Virginia lawmakers conform to legalize leisure marijuana

Virginia lawmakers on Saturday narrowly endorsed compromise legislation to legalize a commercial marijuana recreational program that could generate nearly $ 1.5 billion in annual sales within five years of its scheduled launch on Jan. 1, 2024.

But there is a catch: the passed measure contains a clause put forward by the Senate that requires the General Assembly to readjust a number of provisions of the bill in 2022, including those that list the regulatory and market structure such as licensing.

Virginia would be the 16th state in the country and the first in the south to legalize adult marijuana once Governor Ralph Northam signs the bill, as is expected of him.

Democrat Northam promised to push for adult legalization during this term.

The House of Representatives passed Compromise Law 47-44, while the Senate passed Measure 20-19.

“Virginia lawmakers are proving that it is possible to work quickly to pass laws that not only legalize cannabis but also remove the disproportionate harm caused by decades of prohibition,” said Steve Hawkins, executive director of marijuana Policy Project, in a statement.

“Virginia is on the verge of becoming the 16th state to end the cannabis ban and replace it with sensible legalization and regulation for adults 21 and older. ”

In a compromise reached by lawmakers in a conference committee, lawmakers agreed to set up an independent agency, the Virginia Cannabis Control Authority, to oversee a market for adult use. This agency will meet this summer.

The measure also sets a date for the law to be passed on January 1, 2024. Retail sales would then begin as long as lawmakers reinstated the provisions that would enable a commercial market.

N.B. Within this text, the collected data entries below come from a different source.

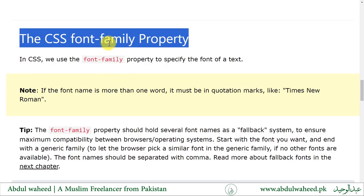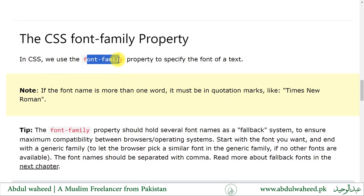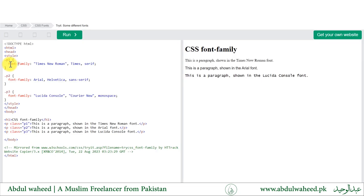The CSS font-family property is used to specify the font of the text. For example, we have 'Times New Roman' enclosed in double quotes, followed by 'Times', and then 'serif' as a fallback — all three belong to the same family. We should include three fonts for maximum browser compatibility.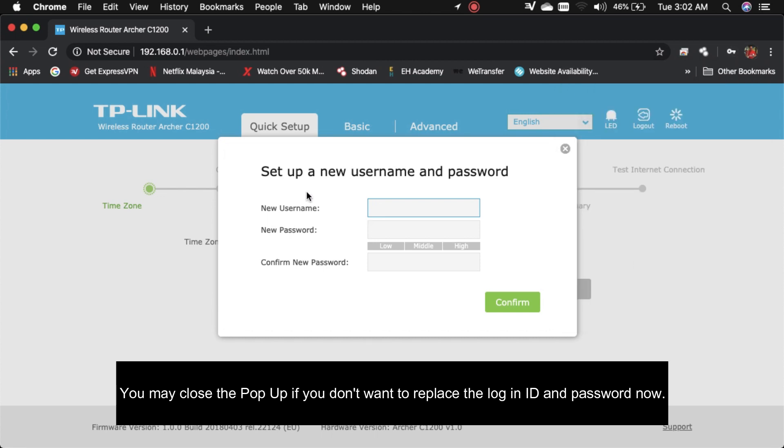Sekarang ada keluar pop-up untuk masukkan user ID dengan password yang baru. Sebaik-baiknya anda tukar password yang baru.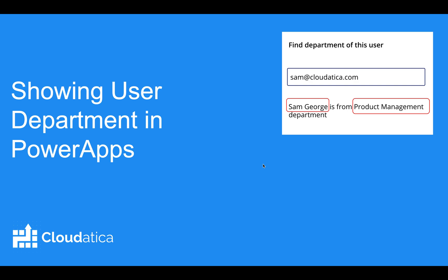Hi everyone. Let's say in your PowerApps you want to show the department of the user. User could be the one that has signed in or it could be any user by email that you type.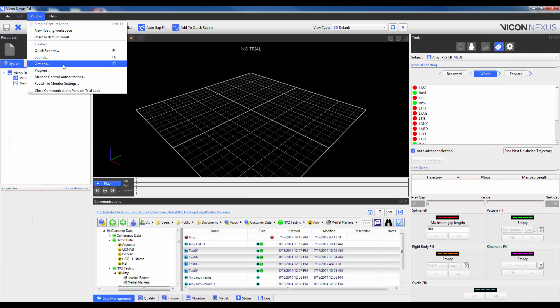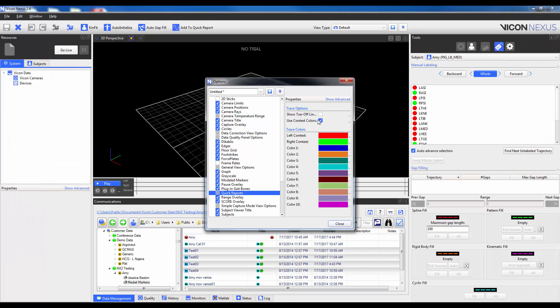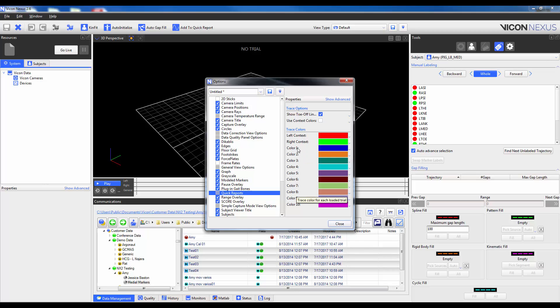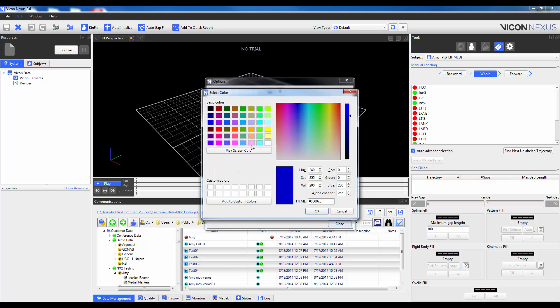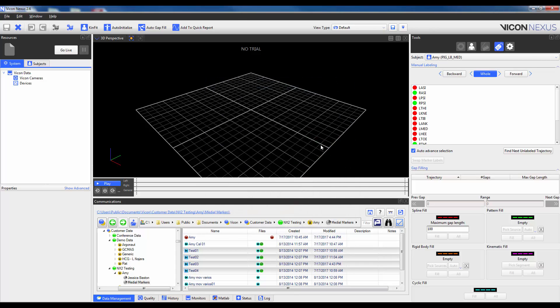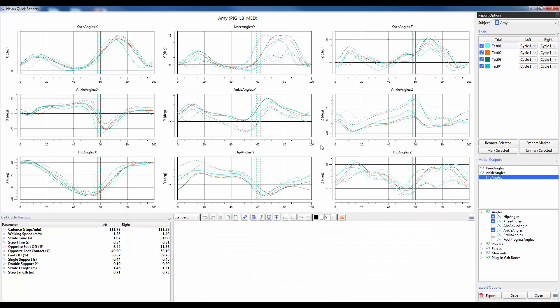Alternatively, I can also choose to, let's just turn that back on, to change the context color so they don't default to that red and green. Instead, what will happen is each trial will have a color associated based on the number of the colors shown here. So trial one will have this blue color, trial two will have orange, trial three will have green, etc. If I want to go ahead and change any of these colors, I can go ahead and click on the color and then choose from either in the color palette or these preselected colors here. So I could make this light blue as an example. I'll click OK and I'll close it and if I open quick reports, we can see that this new color scheme is reflected here.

House Majority Leader Charniele Herring, an Alexandria Democrat, announced Saturday during the legislature that she and others will fight to ensure that Virginia legalization is not overturned. The provisions on social justice contained in the bill will have to be passed again next year.

Legalization in Virginia reflects the ripple effect occurring along the east coast after New Jersey voters approved adult marijuana on November 3.

The Virginia House of Representatives and the state Senate passed two separate legalization bills earlier this month, so a conference committee had to resolve the differences.

Marijuana Business Daily predicts Virginia’s adult sales will be between $ 400 and $ 500 million for the first full year of the program and between $ 1.2 and $ 1.4 billion for the fifth year.

Projections are based on no changes in the federal government’s legal stance on marijuana.

The legislation emphasizes licensing options for small and minority-owned local businesses.

A planned launch in 2024 would take place a year later than Northam wanted.

However, the state has ample time to set up the cannabis control agency and advisory board to oversee the market and develop a legal framework.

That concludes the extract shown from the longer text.